Rechercher

Ce contenu n'est pas disponible dans la langue sélectionnée.

Chapter 7. Creating and managing topics

download PDF

Messages in Kafka are always sent to or received from a topic. This chapter describes how to create and manage Kafka topics.

7.1. Partitions and replicas

A topic is always split into one or more partitions. Partitions act as shards. That means that every message sent by a producer is always written only into a single partition.

Each partition can have one or more replicas, which will be stored on different brokers in the cluster. When creating a topic you can configure the number of replicas using the replication factor. Replication factor defines the number of copies which will be held within the cluster. One of the replicas for a given partition will be elected as a leader. The leader replica will be used by the producers to send new messages and by the consumers to consume messages. The other replicas will be follower replicas. The followers replicate the leader.

If the leader fails, one of the in-sync followers will automatically become the new leader. Each server acts as a leader for some of its partitions and a follower for others so the load is well balanced within the cluster.

Note

The replication factor determines the number of replicas including the leader and the followers. For example, if you set the replication factor to 3, then there will be one leader and two follower replicas.

7.2. Message retention

The message retention policy defines how long the messages will be stored on the Kafka brokers. It can be defined based on time, partition size or both.

For example, you can define that the messages should be kept:

  • For 7 days
  • Until the partition has 1GB of messages. Once the limit is reached, the oldest messages will be removed.
  • For 7 days or until the 1GB limit has been reached. Whatever limit comes first will be used.
Warning

Kafka brokers store messages in log segments. The messages which are past their retention policy will be deleted only when a new log segment is created. New log segments are created when the previous log segment exceeds the configured log segment size. Additionally, users can request new segments to be created periodically.

Kafka brokers support a compacting policy.

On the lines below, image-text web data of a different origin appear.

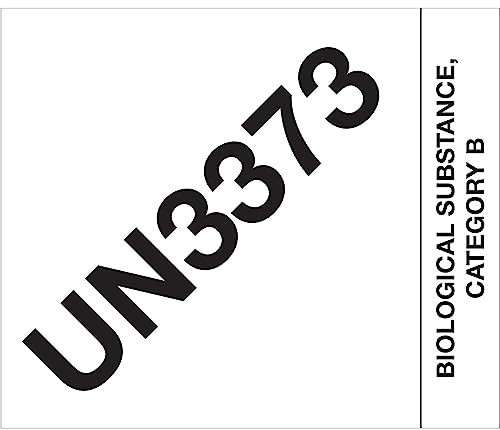 Tape Logic DL1404 Labels, UN3373 Biological Substance Category B, 4 x 4 3/4, Black/White, 500 Per Roll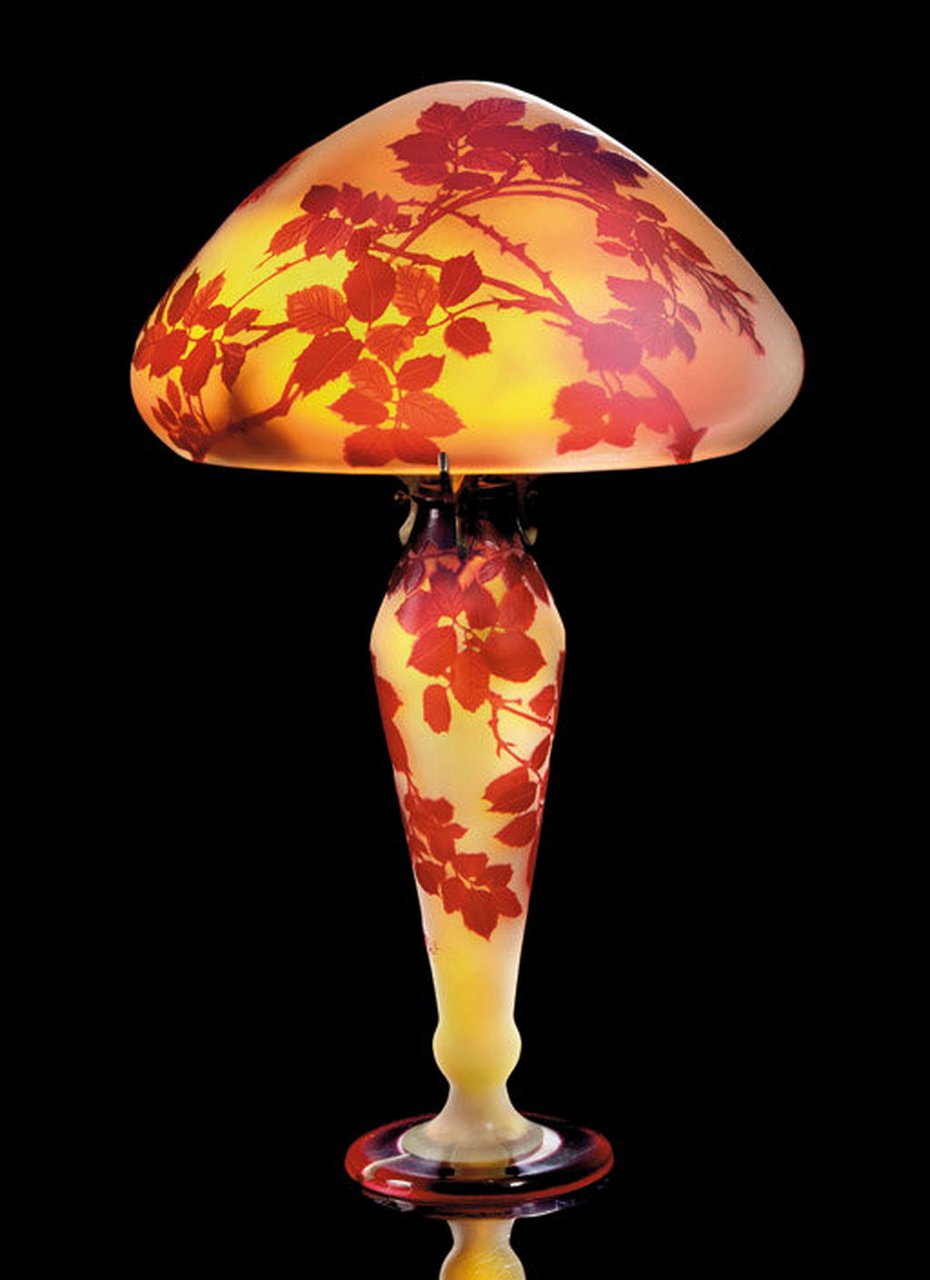 新艺术运动工艺巨匠加莱设计制作的古董台灯.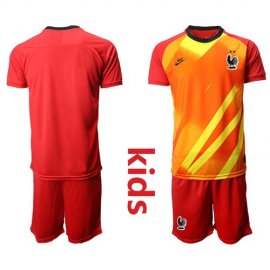 France Blank Red Goalkeeper Kid Soccer Country Jersey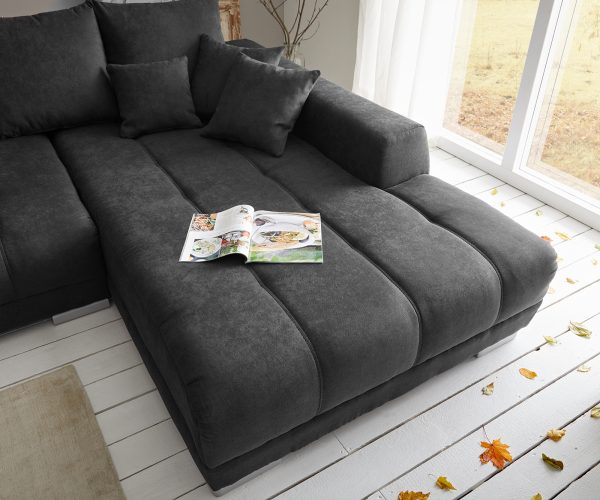 Sedací souprava Josea 300x220 cm Mikrovlákno Černá Recamiere Pravá - Image 5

For a topic with the compacted policy, the broker will always keep only the last message for each key. The older messages with the same key will be removed from the partition. Because compacting is a periodically executed action, it does not happen immediately when the new message with the same key is sent to the partition. Instead it might take some time until the older messages are removed.

For more information about the message retention configuration options, see Section 7.5, “Topic configuration”.

7.3. Topic auto-creation

By default, Kafka automatically creates a topic if a producer or consumer attempts to send or receive messages from a non-existent topic. This behavior is governed by the auto.create.topics.enable configuration property, which is set to true by default.

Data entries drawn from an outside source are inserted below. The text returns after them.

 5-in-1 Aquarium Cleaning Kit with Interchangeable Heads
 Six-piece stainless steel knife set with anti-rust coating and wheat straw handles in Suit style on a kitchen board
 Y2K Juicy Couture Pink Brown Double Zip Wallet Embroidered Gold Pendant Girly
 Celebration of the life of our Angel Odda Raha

For production environments, it is recommended to disable automatic topic creation. To do so, set auto.create.topics.enable to false in the Kafka configuration properties file:

Disabling automatic topic creation

auto.create.topics.enable=false

7.4. Topic deletion

Kafka provides the option to prevent topic deletion, controlled by the delete.topic.enable property. By default, this property is set to true, allowing topics to be deleted.

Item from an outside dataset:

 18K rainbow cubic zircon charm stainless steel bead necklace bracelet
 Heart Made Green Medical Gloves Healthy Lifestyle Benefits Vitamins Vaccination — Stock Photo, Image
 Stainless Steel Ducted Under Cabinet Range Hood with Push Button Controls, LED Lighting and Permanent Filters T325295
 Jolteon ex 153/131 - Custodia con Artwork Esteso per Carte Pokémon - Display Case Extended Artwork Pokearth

However, setting it to false in the Kafka configuration properties file will disable topic deletion. In this case, attempts to delete a topic will return a success status, but the topic itself will not be deleted.

Disabling topic deletion

delete.topic.enable=false

7.5. Topic configuration

Auto-created topics will use the default topic configuration which can be specified in the broker properties file. However, when creating topics manually, their configuration can be specified at creation time. It is also possible to change a topic’s configuration after it has been created. The main topic configuration options for manually created topics are:

cleanup.policy
Configures the retention policy to delete or compact. The delete policy will delete old records. The compact policy will enable log compaction. The default value is delete. For more information about log compaction, see Kafka website.
compression.type
Specifies the compression which is used for stored messages. Valid values are gzip, snappy, lz4, uncompressed (no compression) and producer (retain the compression codec used by the producer). The default value is producer.
max.message.bytes
The maximum size of a batch of messages allowed by the Kafka broker, in bytes. The default value is 1000012.
min.insync.replicas
The minimum number of replicas which must be in sync for a write to be considered successful. The default value is 1.
retention.ms
Maximum number of milliseconds for which log segments will be retained. Log segments older than this value will be deleted. The default value is 604800000 (7 days).
retention.bytes
The maximum number of bytes a partition will retain. Once the partition size grows over this limit, the oldest log segments will be deleted. Value of -1 indicates no limit. The default value is -1.
segment.bytes
The maximum file size of a single commit log segment file in bytes. When the segment reaches its size, a new segment will be started. The default value is 1073741824 bytes (1 gibibyte).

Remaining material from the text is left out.